La Uil ha parlato di una misura che «vale 10 centesimi al giorno», il Movimento Cinquestelle e Avs di «un’elemosina». Nel Centrodestra Forza Italia spera di riaprire questo capitolo. Il leader e vicepremier, Antonio Tajani, anche ieri, ha ripetuto: «Per quanto riguarda la manovra, io ho detto che può essere migliorata in base ai risultati del concordato preventivo». Con un incasso in linea con le previsioni, gli azzurri guardano in primo luogo a ridurre le aliquote Irpef, ma non escludono un ulteriore ritocco verso l’alto delle minime.
Sul versante delle minime, è andata peggio ai pensionati italiani che vivono all’estero. In manovra è stato previsto di «limitare l’effetto della perequazione sugli importi pensionistici dei pensionati residenti all’estero solo ai pensionati con reddito pensionistico superiore all’importo minimo». Non ci sarà quindi rivalutazione per circa 60mila ex lavoratori.
Guardando alle altre misure, e in ottica di flessibilità pensionistica, il governo ha rifinanziato Quota 103 - con «un accesso anticipato alla pensione che richiede, contemporaneamente, la maturazione di almeno 62 anni di età e 41 anni di contributi nel solo anno 2025 - l’Ape sociale e Opzione donna. Torna, anche se ampliato, il Bonus Maroni.
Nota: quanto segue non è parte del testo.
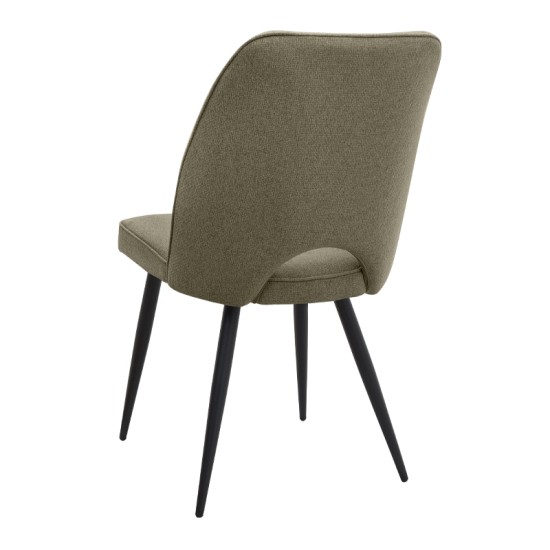Καρέκλα τραπεζαρίας Christy  λαδί ύφασμα - μεταλλικό μαύρο πόδι 47x59x90εκ.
E con una duplice finalità: frenare ancora di più il ricorso alle uscite anticipate (al 2023 venivano pagate 6.906.641, in un numero quasi pari a quelle di vecchiaia), mantenere a lavoro figure esperte che non si riescono a reperire, soprattutto per il pubblico impiego. In manovra sono previsti incentivi per chi decide di rinviare la pensione nonostante la maturazione dei requisti per l’uscita: in sintesi, chi resta può vedersi riconosciuta in busta paga il corrispettivo di contributi che il datore deve versare all’ente previdenziale. La misura è su base volontaria e se otterrà un numero importante di adesioni potrebbe garantire un risparmio alle casse previdenziali di 20 milioni nel 2025, che potrebbe salire a 342 milioni nel 2034. Cancellato, poi, per i pubblici l’obbligo di uscita Al raggiungimento della pensione.
Fondi complementari
Modifiche anche nella gestione del Tfr versato per la previdenza complementare: o lavoratori potranno utilizzare una parte dei versamenti ai fondi pensionistici per raggiungere la soglia minima per la liquidazione della pensione di vecchiaia.